Without the pictures, write out every entry that follows exactly.

** Opening Data section block **

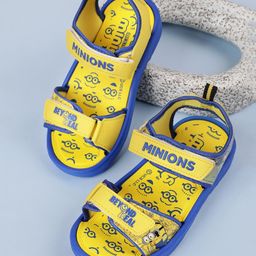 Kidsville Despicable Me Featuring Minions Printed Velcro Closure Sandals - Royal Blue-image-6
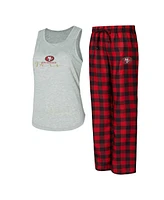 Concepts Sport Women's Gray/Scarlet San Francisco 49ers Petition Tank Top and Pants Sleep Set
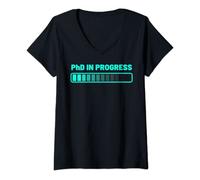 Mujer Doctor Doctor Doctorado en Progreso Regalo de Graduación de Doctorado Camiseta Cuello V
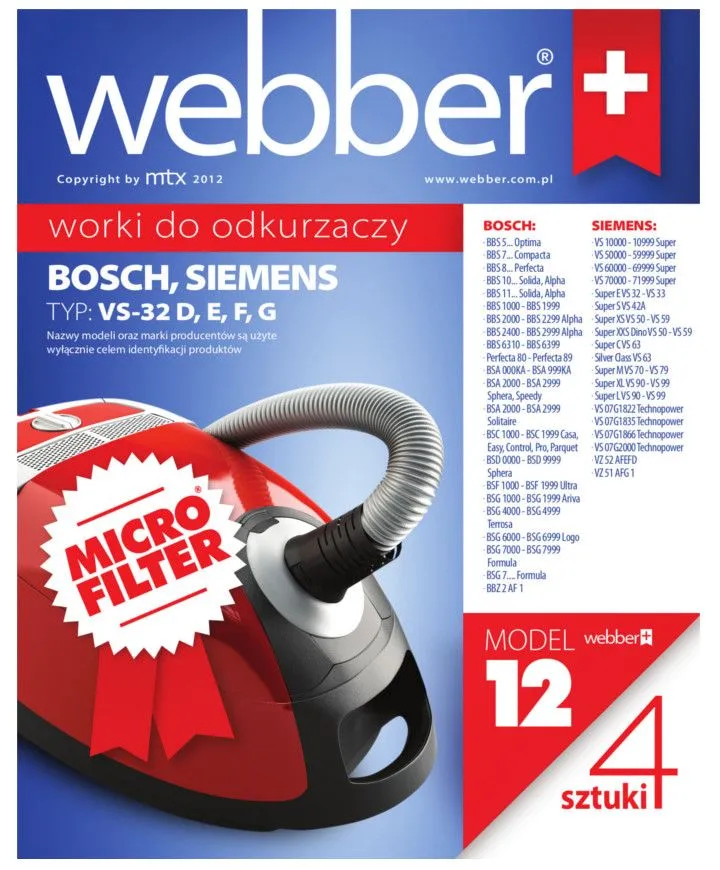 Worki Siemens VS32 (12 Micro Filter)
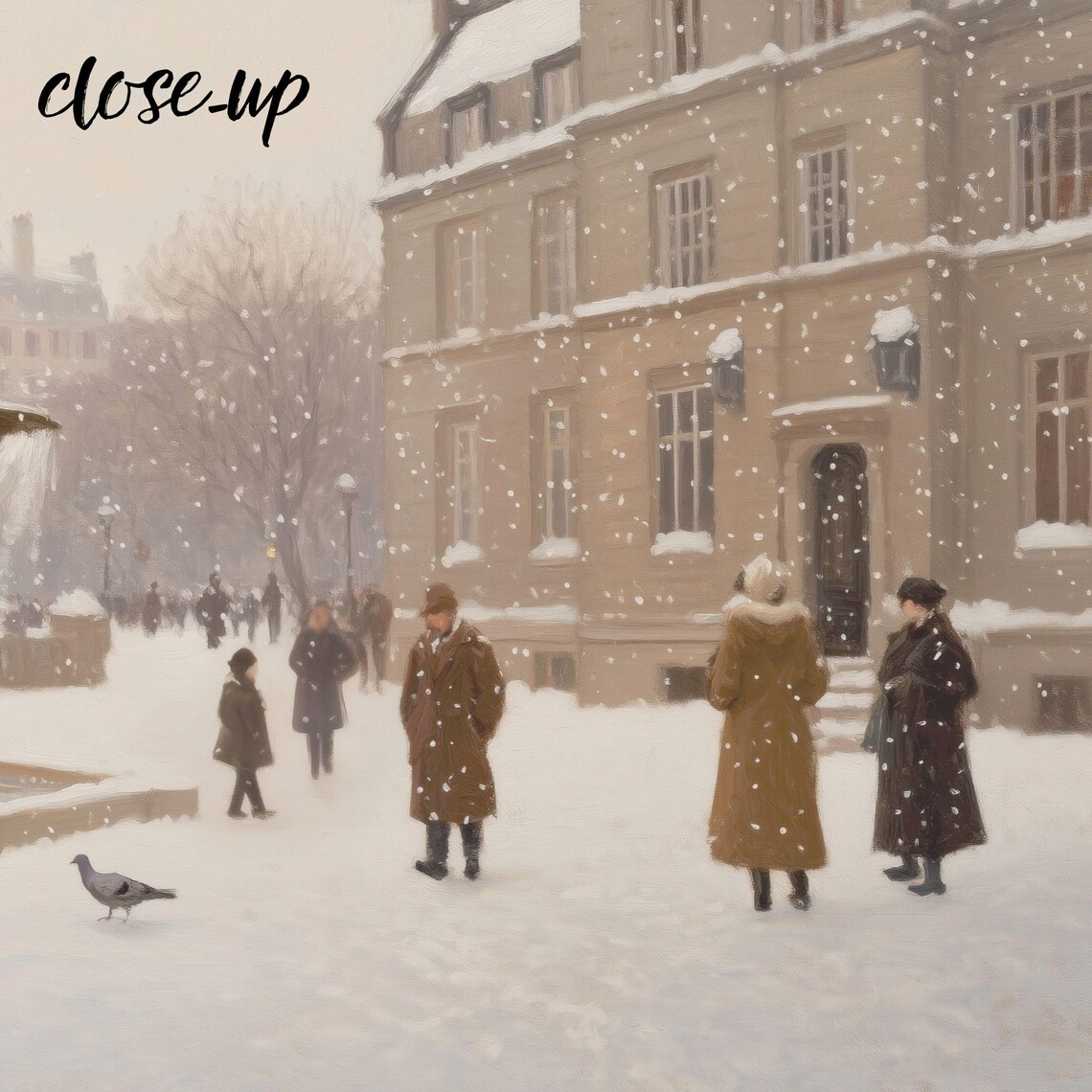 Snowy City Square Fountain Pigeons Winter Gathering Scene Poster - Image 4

** Closing Data section block **

*Reply*
 Kidsville Despicable Me Featuring Minions Printed Velcro Closure Sandals - Royal Blue-image-6
 Concepts Sport Women's Gray/Scarlet San Francisco 49ers Petition Tank Top and Pants Sleep Set
 Mujer Doctor Doctor Doctorado en Progreso Regalo de Graduación de Doctorado Camiseta Cuello V
 Worki Siemens VS32 (12 Micro Filter)
 Snowy City Square Fountain Pigeons Winter Gathering Scene Poster - Image 4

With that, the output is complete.